* _Your goal_
Where does the string "Blue" occur in the entries below? Copy every line where it does.
*****
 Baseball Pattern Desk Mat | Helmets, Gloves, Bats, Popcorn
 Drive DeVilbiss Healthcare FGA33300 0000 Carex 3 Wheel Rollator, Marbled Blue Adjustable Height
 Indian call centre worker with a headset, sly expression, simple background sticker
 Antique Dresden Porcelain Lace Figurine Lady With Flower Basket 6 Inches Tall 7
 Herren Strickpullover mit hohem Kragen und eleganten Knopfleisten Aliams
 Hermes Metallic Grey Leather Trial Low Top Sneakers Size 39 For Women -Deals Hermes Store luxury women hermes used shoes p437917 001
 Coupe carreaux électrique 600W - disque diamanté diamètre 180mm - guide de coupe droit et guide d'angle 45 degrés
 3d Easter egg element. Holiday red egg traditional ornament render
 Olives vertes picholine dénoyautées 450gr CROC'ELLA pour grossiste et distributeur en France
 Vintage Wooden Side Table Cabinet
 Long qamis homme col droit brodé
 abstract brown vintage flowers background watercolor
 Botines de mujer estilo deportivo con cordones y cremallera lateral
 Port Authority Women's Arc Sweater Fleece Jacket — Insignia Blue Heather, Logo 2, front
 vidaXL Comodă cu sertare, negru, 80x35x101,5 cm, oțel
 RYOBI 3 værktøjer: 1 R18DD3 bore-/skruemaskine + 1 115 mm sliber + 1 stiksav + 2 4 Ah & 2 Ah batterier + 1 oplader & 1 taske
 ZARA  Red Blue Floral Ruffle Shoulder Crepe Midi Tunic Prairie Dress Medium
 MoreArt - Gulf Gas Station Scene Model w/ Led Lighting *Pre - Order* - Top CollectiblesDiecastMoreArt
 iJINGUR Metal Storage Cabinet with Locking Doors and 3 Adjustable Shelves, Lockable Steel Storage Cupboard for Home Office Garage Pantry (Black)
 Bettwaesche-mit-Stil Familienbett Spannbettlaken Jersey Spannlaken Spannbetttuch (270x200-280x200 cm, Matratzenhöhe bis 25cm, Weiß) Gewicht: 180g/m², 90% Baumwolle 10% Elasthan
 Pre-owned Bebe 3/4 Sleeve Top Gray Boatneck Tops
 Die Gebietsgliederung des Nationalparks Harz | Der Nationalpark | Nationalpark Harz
*****
* _Output_
 Drive DeVilbiss Healthcare FGA33300 0000 Carex 3 Wheel Rollator, Marbled Blue Adjustable Height
 Port Authority Women's Arc Sweater Fleece Jacket — Insignia Blue Heather, Logo 2, front
 ZARA  Red Blue Floral Ruffle Shoulder Crepe Midi Tunic Prairie Dress Medium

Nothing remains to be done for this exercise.